*** Opening of Records shown ***

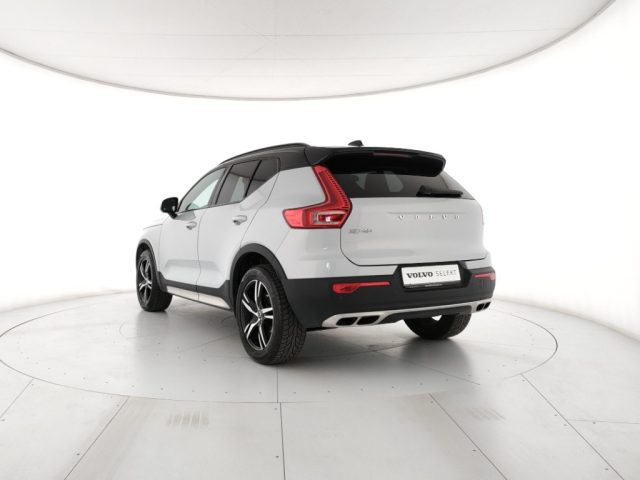 Volvo XC40 D3 Geartronic R-design - foto 3 di 4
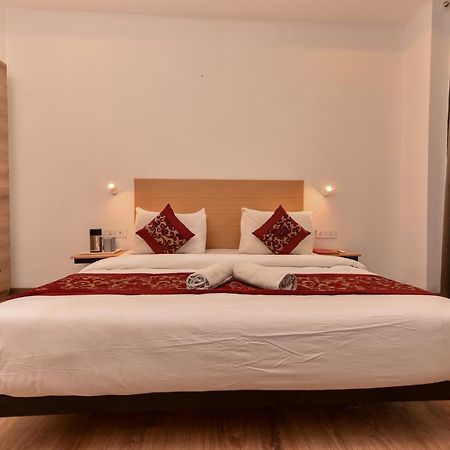 Hotel Red Saffron Nuova Delhi Esterno foto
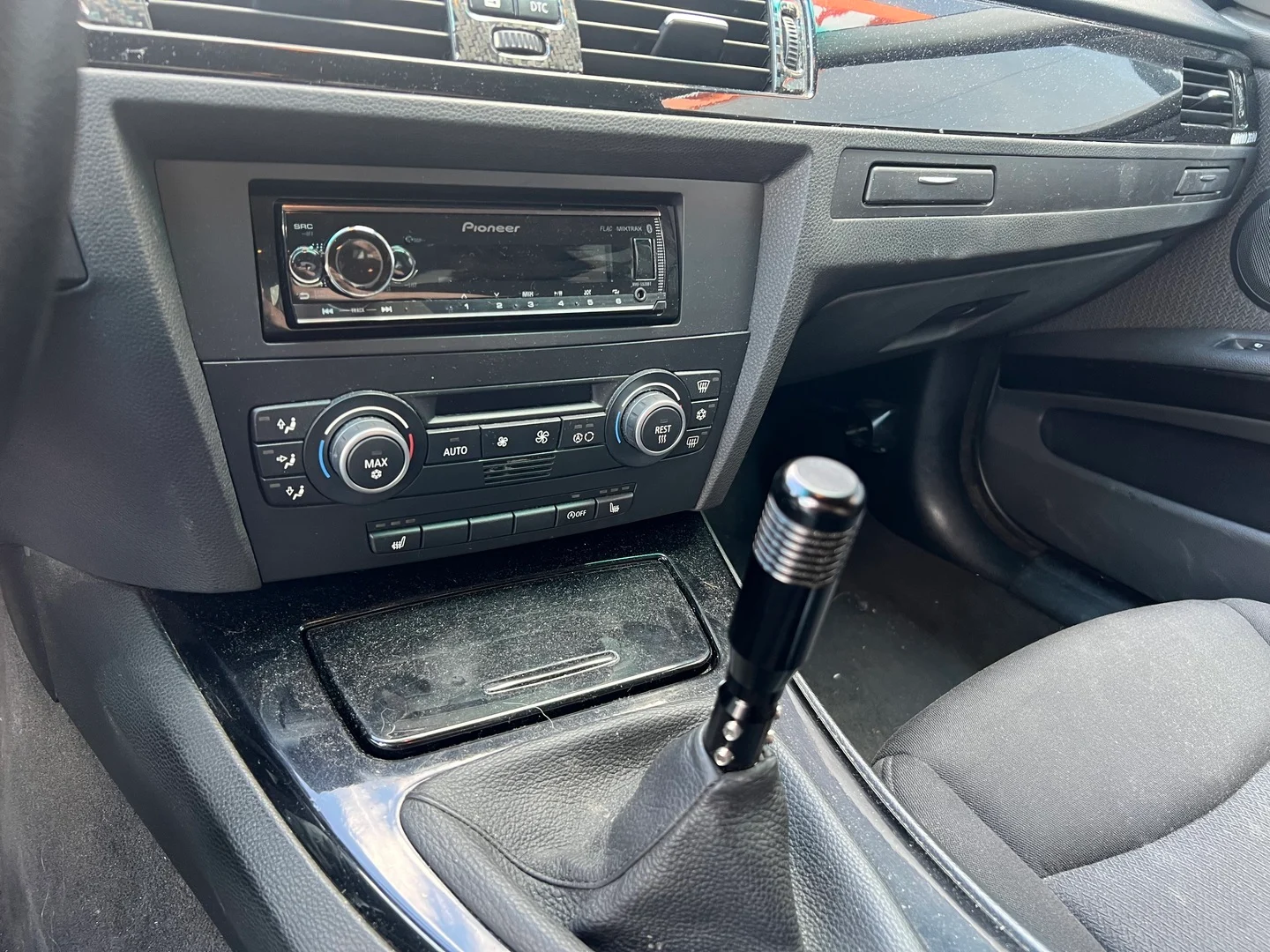Car Image - 30Qg60lQTxmHoiQCLDvkj4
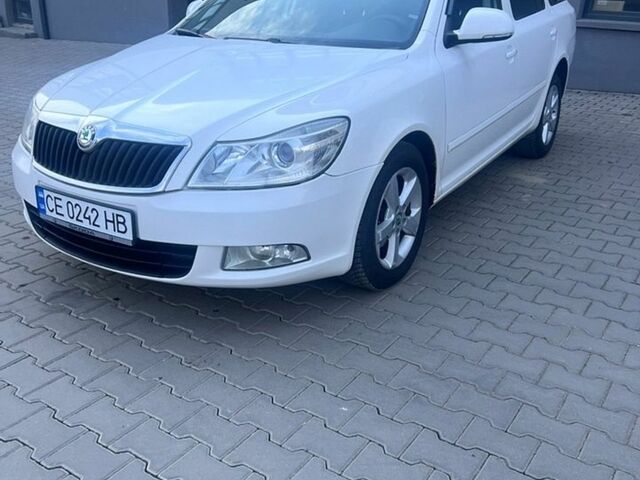 Білий Шкода Октавія, об'ємом двигуна 1.6 л та пробігом 266 тис. км за 8300 $, фото 1 на Automoto.ua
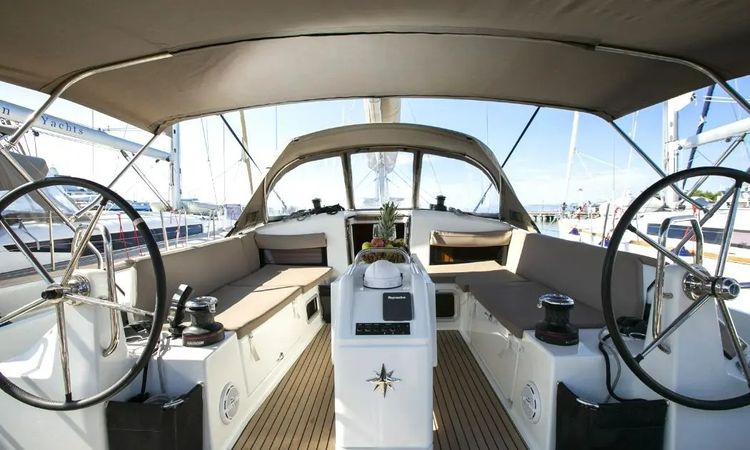 Jeanneau Sun Odyssey 440 | Blue Aura
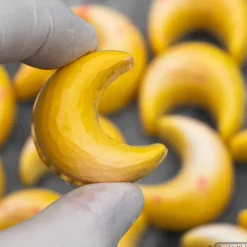 CHOCOLATE WORLD Moule Chocolat Demie-Lune à Facettes 3,5 x 3,1 cm (x21) Sale
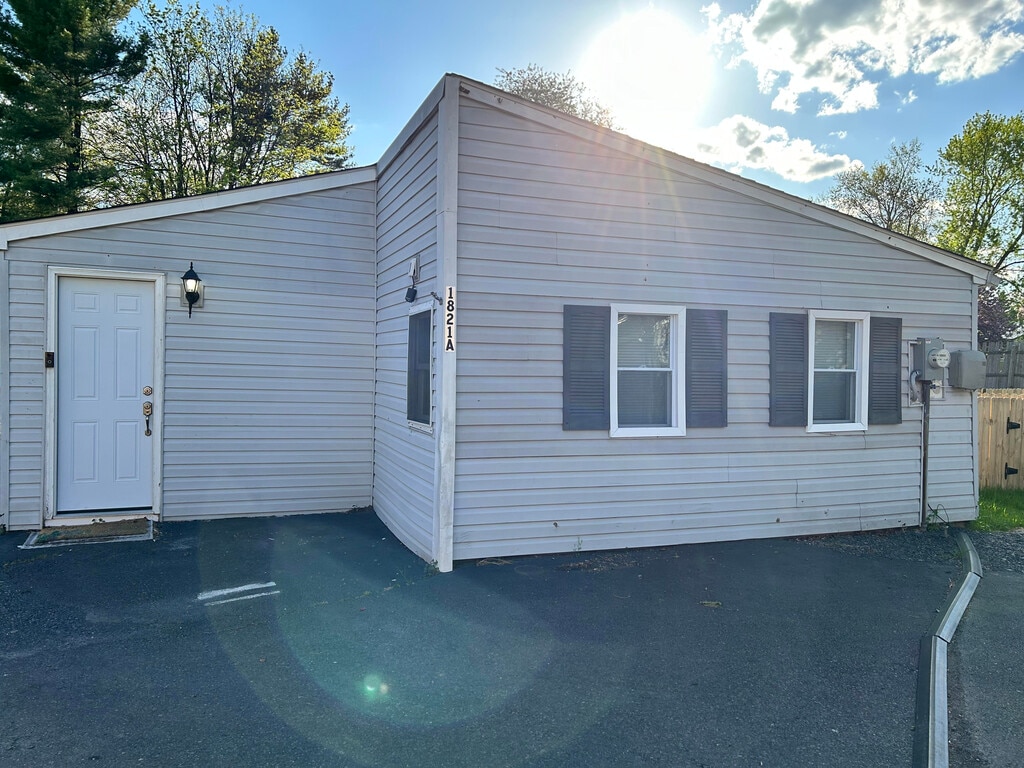 1821 Edgely Rd Rentals in Levittown, PA
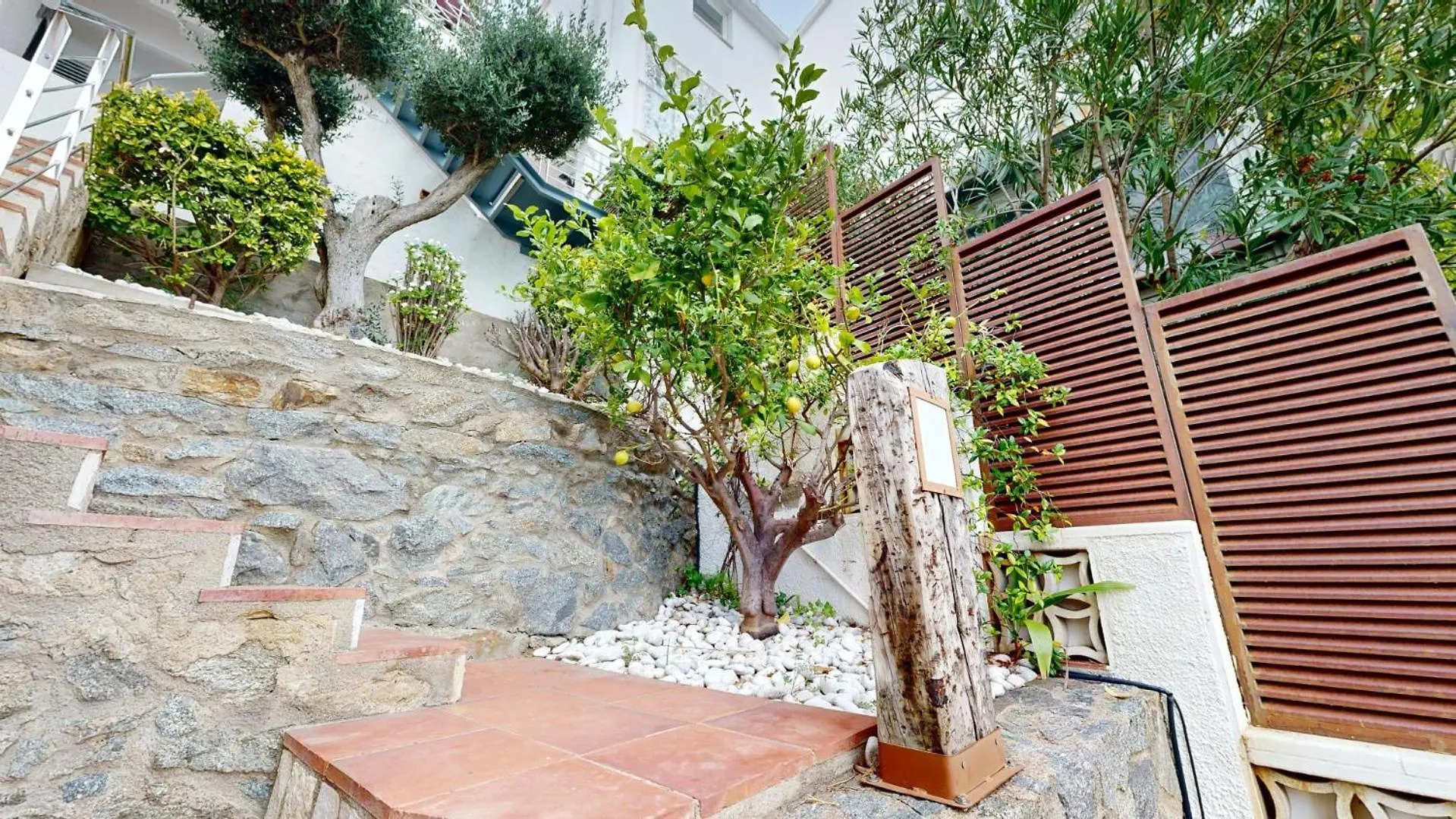 Maison De 130 M2 Et Studio De 40M2, Vue Mer Et Jacuzzi Roses 0*,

*** Close of Records shown ***

# [Task to carry out]
Leave out the pictures; repeat the data exactly.

# [Result]
 Volvo XC40 D3 Geartronic R-design - foto 3 di 4
 Hotel Red Saffron Nuova Delhi Esterno foto
Car Image - 30Qg60lQTxmHoiQCLDvkj4
 Білий Шкода Октавія, об'ємом двигуна 1.6 л та пробігом 266 тис. км за 8300 $, фото 1 на Automoto.ua
 Jeanneau Sun Odyssey 440 | Blue Aura
 CHOCOLATE WORLD Moule Chocolat Demie-Lune à Facettes 3,5 x 3,1 cm (x21) Sale
 1821 Edgely Rd Rentals in Levittown, PA
 Maison De 130 M2 Et Studio De 40M2, Vue Mer Et Jacuzzi Roses 0*,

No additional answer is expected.